**What the exercise asks**
What you produce should be every line from the data that includes "Total".

**Supplied data**
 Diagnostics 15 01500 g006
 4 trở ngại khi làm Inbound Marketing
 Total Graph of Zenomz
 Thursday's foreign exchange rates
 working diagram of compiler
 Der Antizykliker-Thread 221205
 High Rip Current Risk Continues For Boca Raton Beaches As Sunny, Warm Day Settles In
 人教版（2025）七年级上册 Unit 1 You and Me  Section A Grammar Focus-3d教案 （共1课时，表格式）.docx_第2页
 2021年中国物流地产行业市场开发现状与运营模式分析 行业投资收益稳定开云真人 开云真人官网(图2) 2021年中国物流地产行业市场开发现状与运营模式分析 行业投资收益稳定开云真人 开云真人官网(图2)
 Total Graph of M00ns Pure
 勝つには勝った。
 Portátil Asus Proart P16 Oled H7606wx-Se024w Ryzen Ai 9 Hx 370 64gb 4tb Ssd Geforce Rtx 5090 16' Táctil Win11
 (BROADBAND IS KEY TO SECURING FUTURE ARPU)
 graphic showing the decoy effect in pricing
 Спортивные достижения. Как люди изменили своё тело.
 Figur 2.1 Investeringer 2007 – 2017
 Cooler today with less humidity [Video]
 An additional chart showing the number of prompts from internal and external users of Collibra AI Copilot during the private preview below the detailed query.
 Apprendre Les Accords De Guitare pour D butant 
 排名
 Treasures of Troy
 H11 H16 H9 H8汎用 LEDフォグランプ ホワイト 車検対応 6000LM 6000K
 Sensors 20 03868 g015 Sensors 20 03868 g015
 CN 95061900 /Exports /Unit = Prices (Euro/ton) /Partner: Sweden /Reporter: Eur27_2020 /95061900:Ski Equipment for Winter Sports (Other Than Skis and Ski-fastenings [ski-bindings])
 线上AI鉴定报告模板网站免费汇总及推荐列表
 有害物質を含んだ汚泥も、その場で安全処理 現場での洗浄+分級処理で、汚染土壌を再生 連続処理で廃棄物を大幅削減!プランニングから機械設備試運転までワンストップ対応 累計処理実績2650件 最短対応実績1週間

**Result of this exercise**
 Total Graph of Zenomz
 Total Graph of M00ns Pure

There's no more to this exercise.